Please write out exactly the line containing "GREEN EDITION butter" below and every line after it, through the last one, but leave out any pictures.

(Extracted material begins)

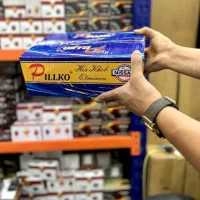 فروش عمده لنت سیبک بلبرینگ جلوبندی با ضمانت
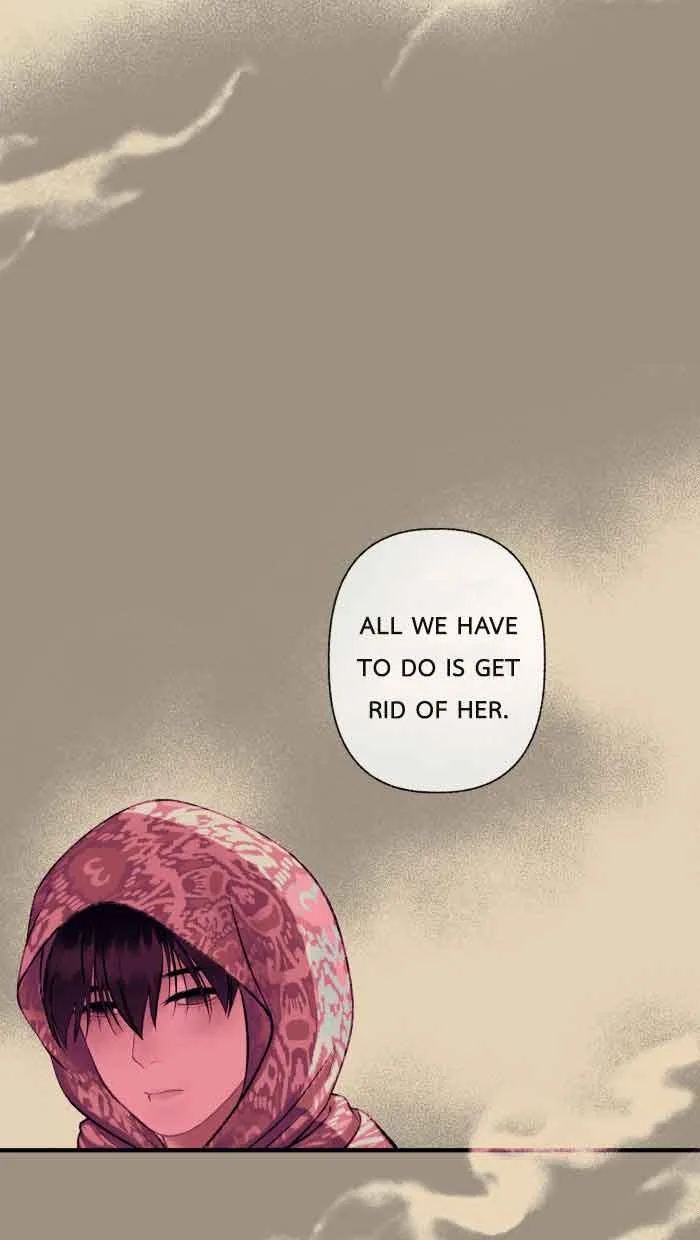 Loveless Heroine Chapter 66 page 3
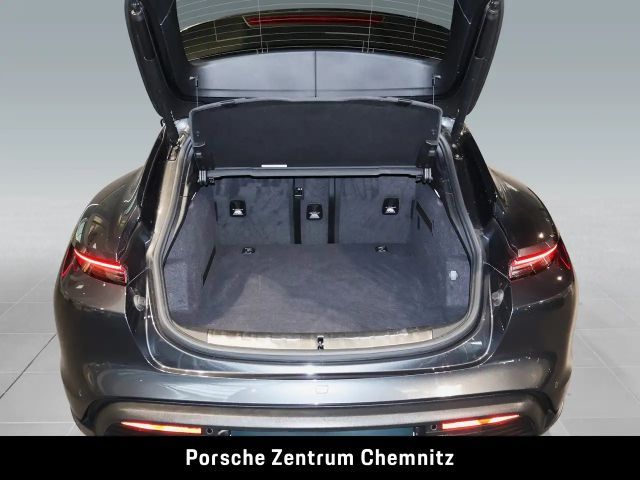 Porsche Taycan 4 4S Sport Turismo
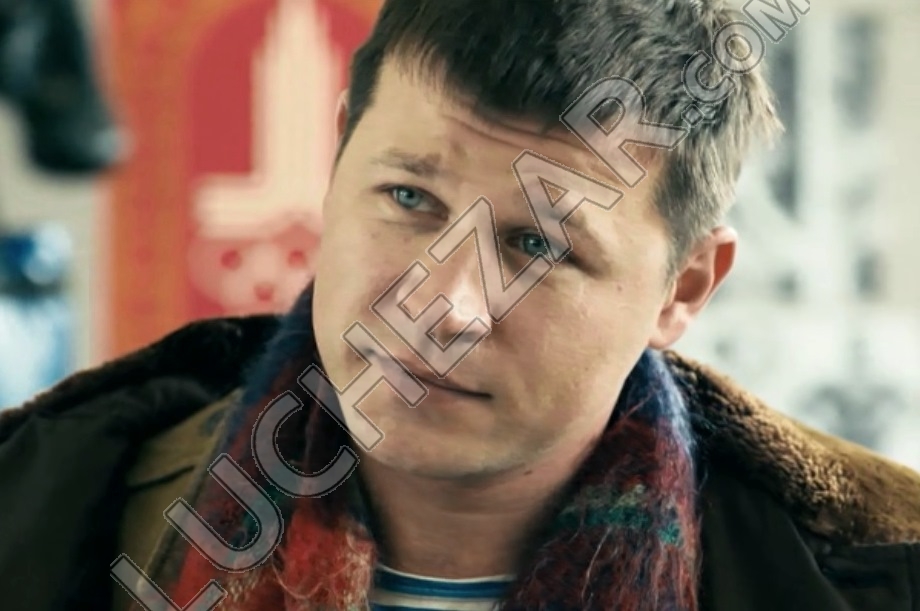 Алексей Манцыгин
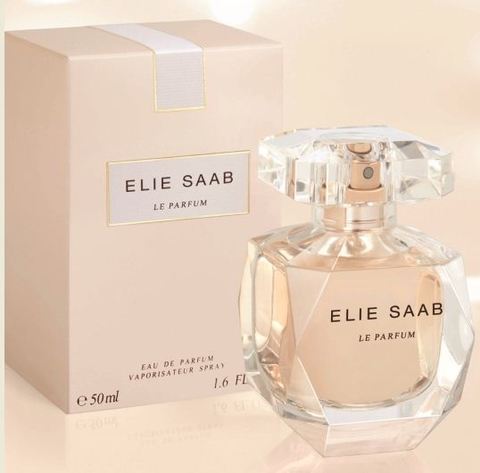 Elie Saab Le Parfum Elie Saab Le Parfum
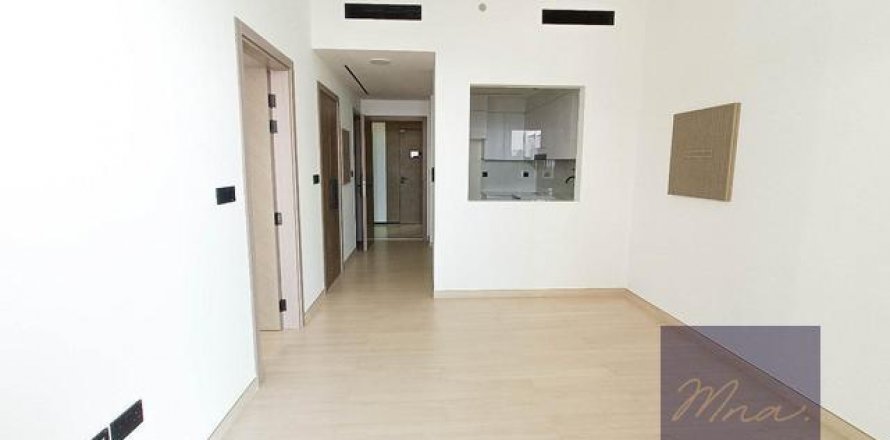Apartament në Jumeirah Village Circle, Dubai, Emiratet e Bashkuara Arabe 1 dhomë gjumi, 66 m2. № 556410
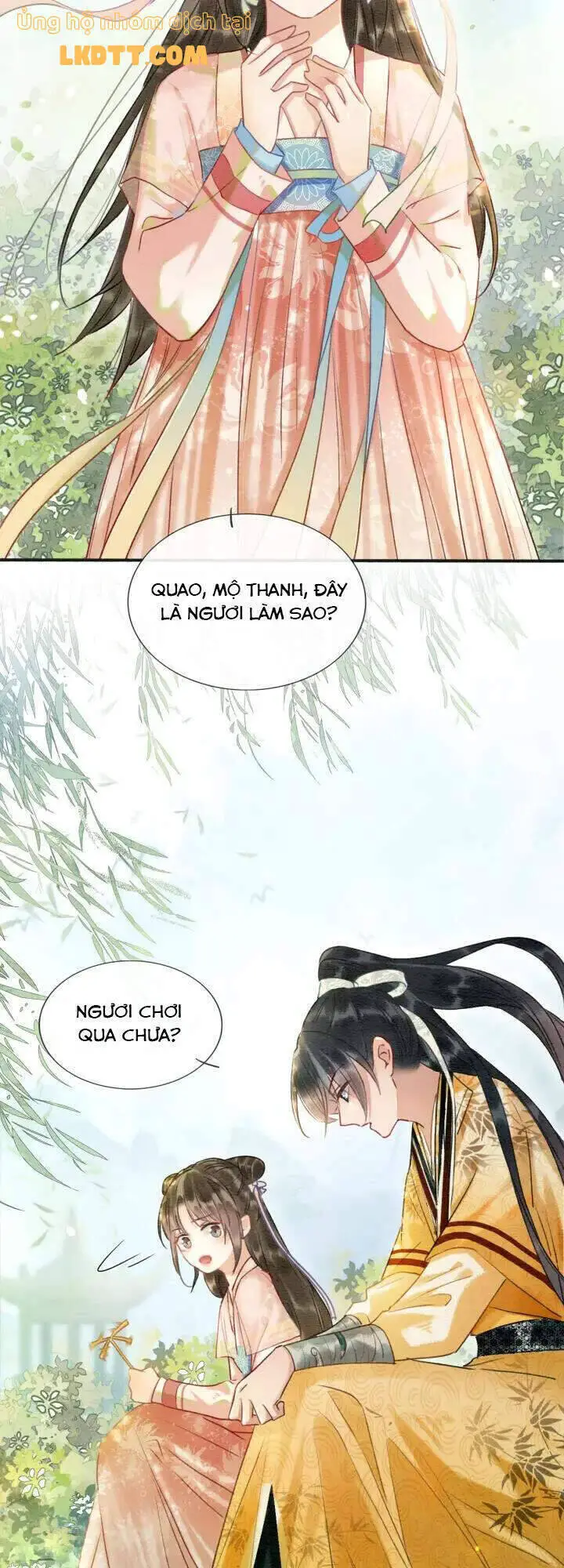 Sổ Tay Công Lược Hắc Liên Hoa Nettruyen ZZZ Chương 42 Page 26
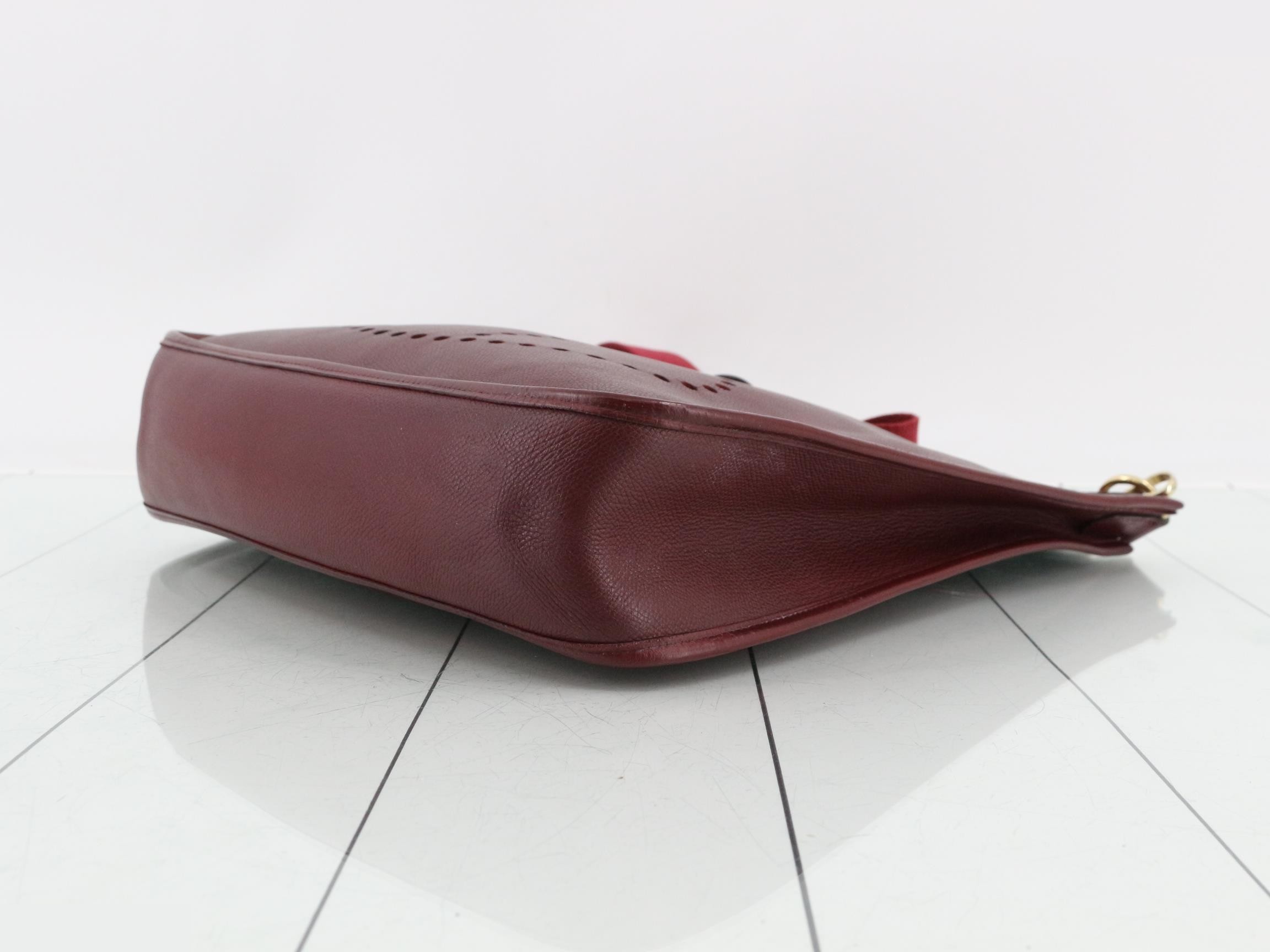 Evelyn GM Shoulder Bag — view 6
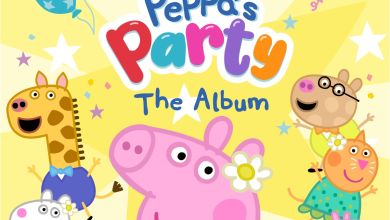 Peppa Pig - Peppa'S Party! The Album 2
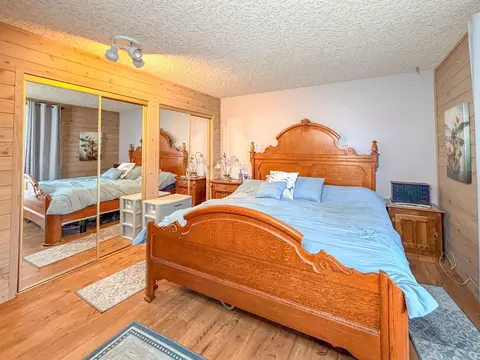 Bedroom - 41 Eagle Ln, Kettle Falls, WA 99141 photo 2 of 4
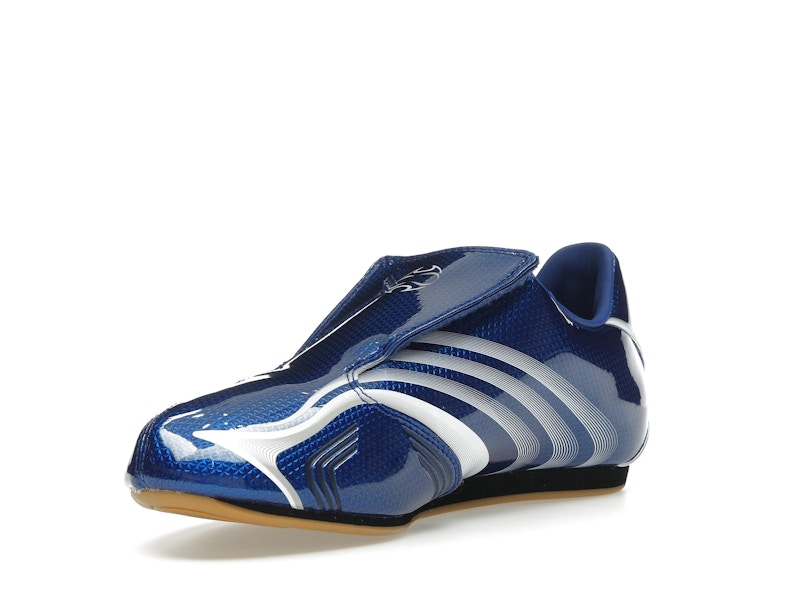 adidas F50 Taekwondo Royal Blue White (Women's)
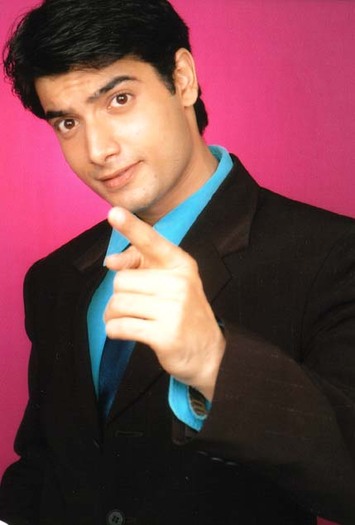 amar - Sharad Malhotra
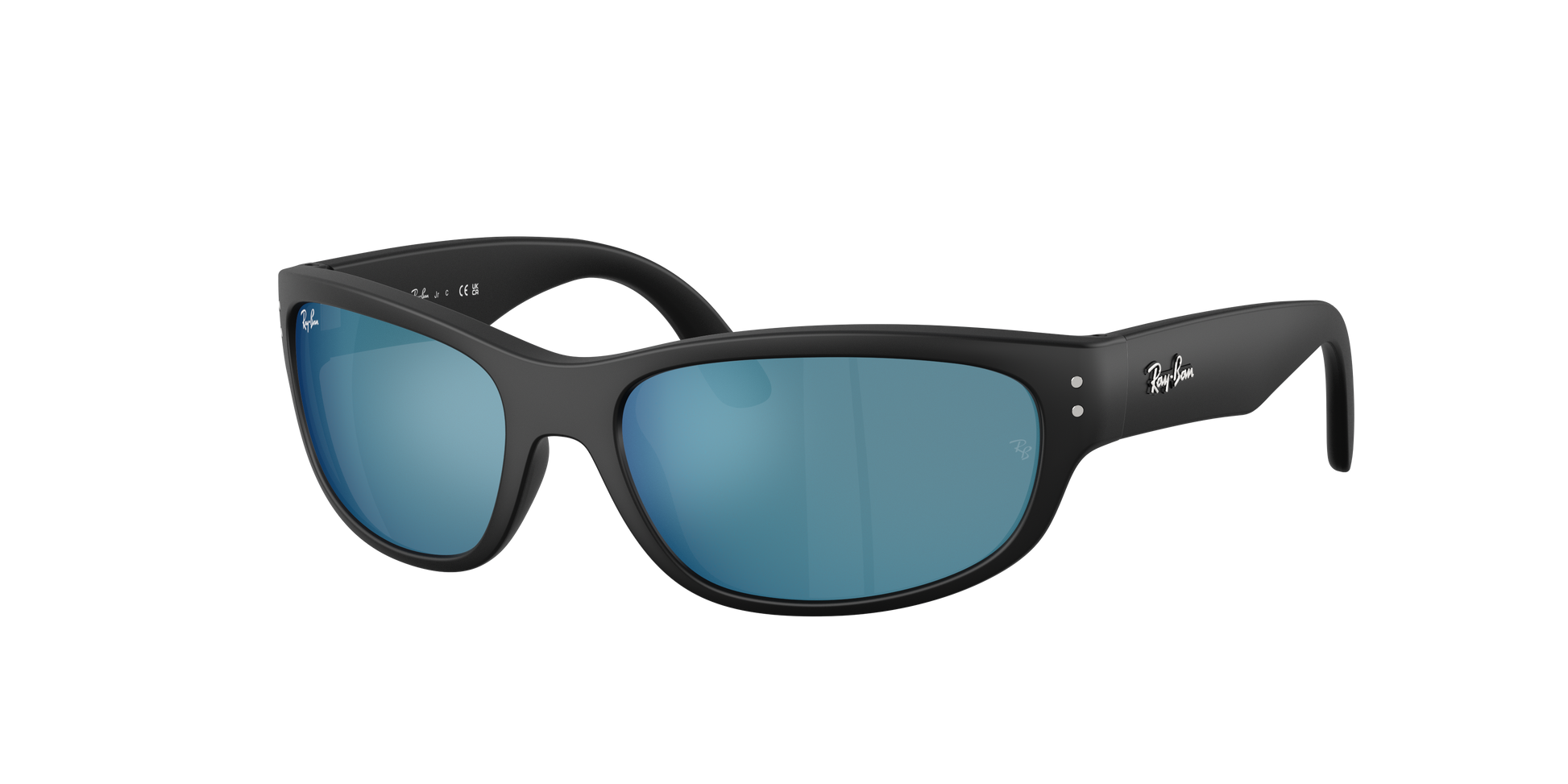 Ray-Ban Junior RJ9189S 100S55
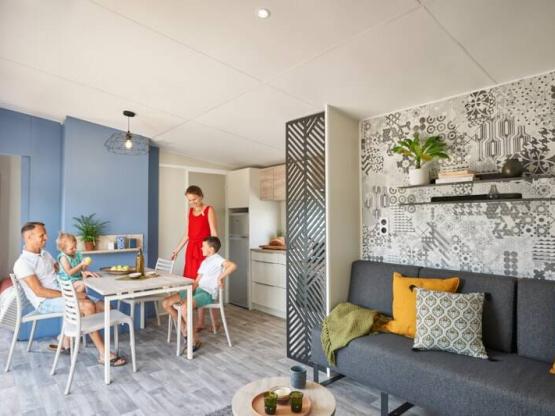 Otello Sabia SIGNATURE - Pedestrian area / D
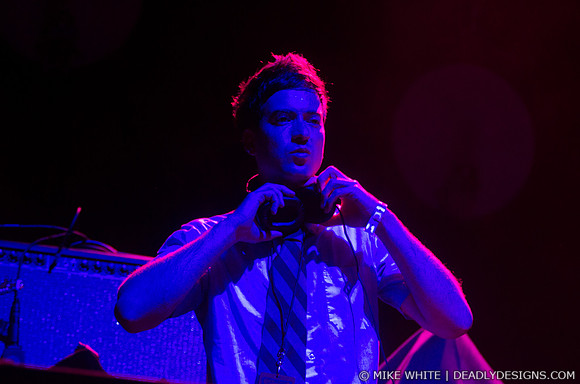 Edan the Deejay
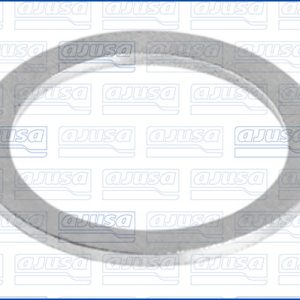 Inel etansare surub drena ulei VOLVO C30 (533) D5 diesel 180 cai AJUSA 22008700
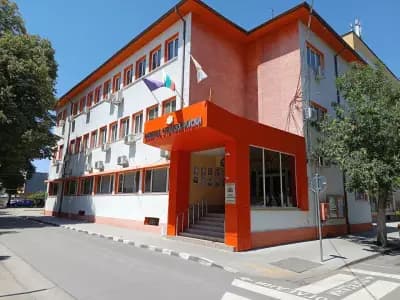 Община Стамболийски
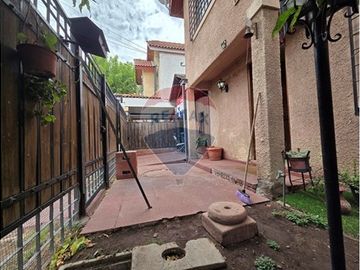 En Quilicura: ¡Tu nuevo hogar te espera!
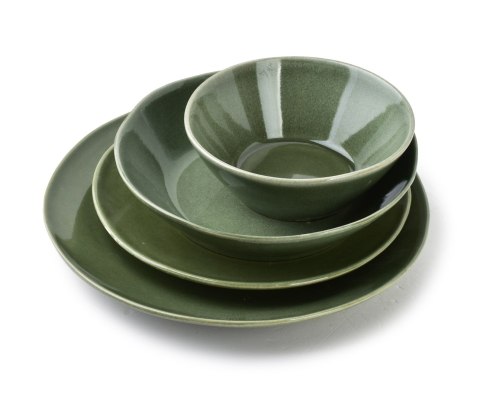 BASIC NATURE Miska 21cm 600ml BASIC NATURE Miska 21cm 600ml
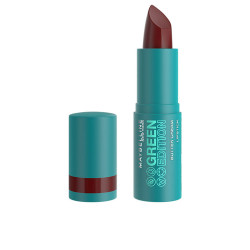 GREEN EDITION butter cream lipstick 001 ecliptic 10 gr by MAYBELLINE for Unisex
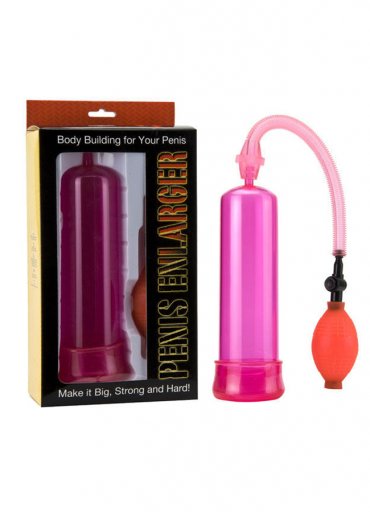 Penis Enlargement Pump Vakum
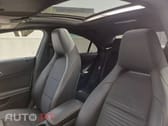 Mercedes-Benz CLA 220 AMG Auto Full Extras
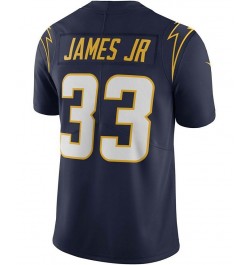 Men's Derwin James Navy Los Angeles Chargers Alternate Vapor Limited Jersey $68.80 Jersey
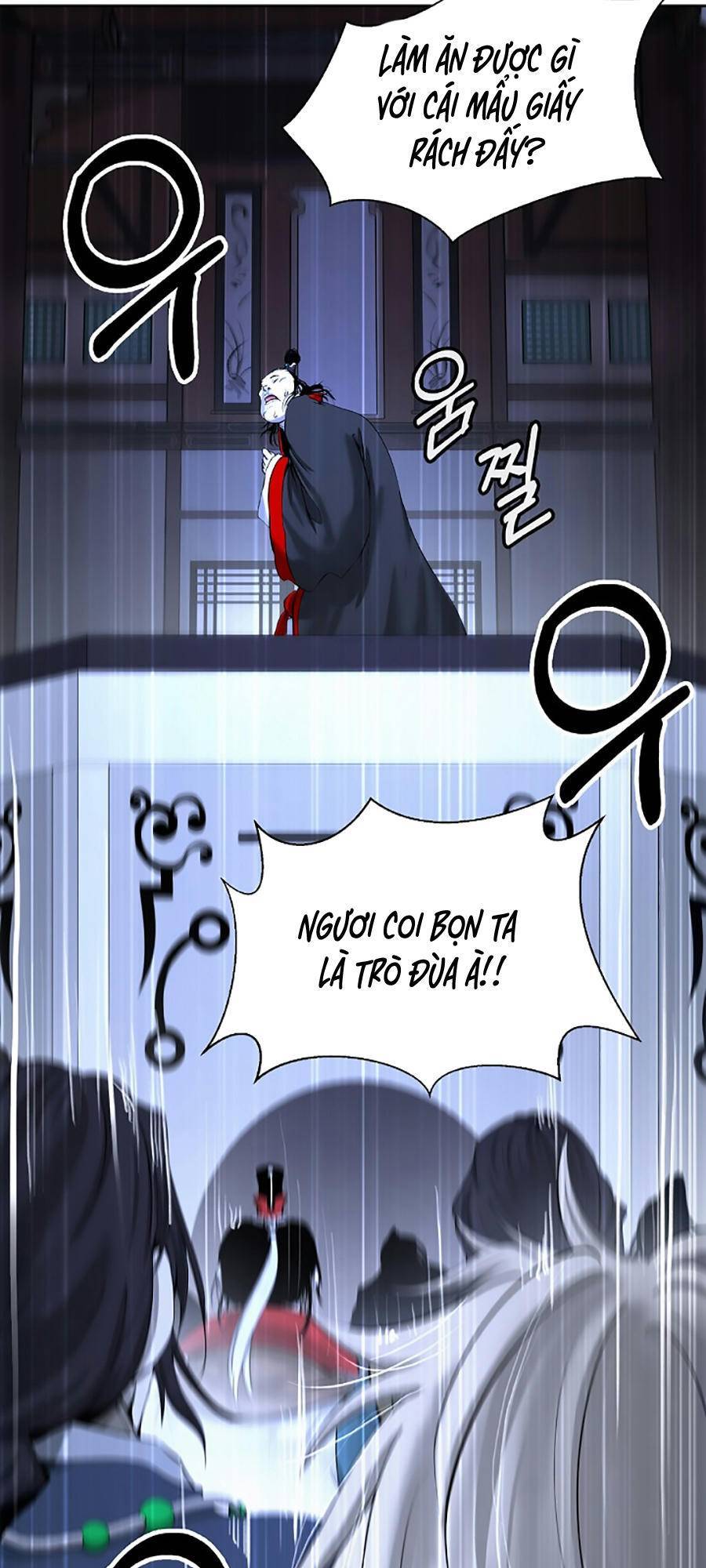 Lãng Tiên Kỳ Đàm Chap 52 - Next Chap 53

(Extracted material ends)

**Answer to this problem:**
 GREEN EDITION butter cream lipstick 001 ecliptic 10 gr by MAYBELLINE for Unisex
 Penis Enlargement Pump Vakum
 Mercedes-Benz CLA 220 AMG Auto Full Extras
 Men's Derwin James Navy Los Angeles Chargers Alternate Vapor Limited Jersey $68.80 Jersey
 Lãng Tiên Kỳ Đàm Chap 52 - Next Chap 53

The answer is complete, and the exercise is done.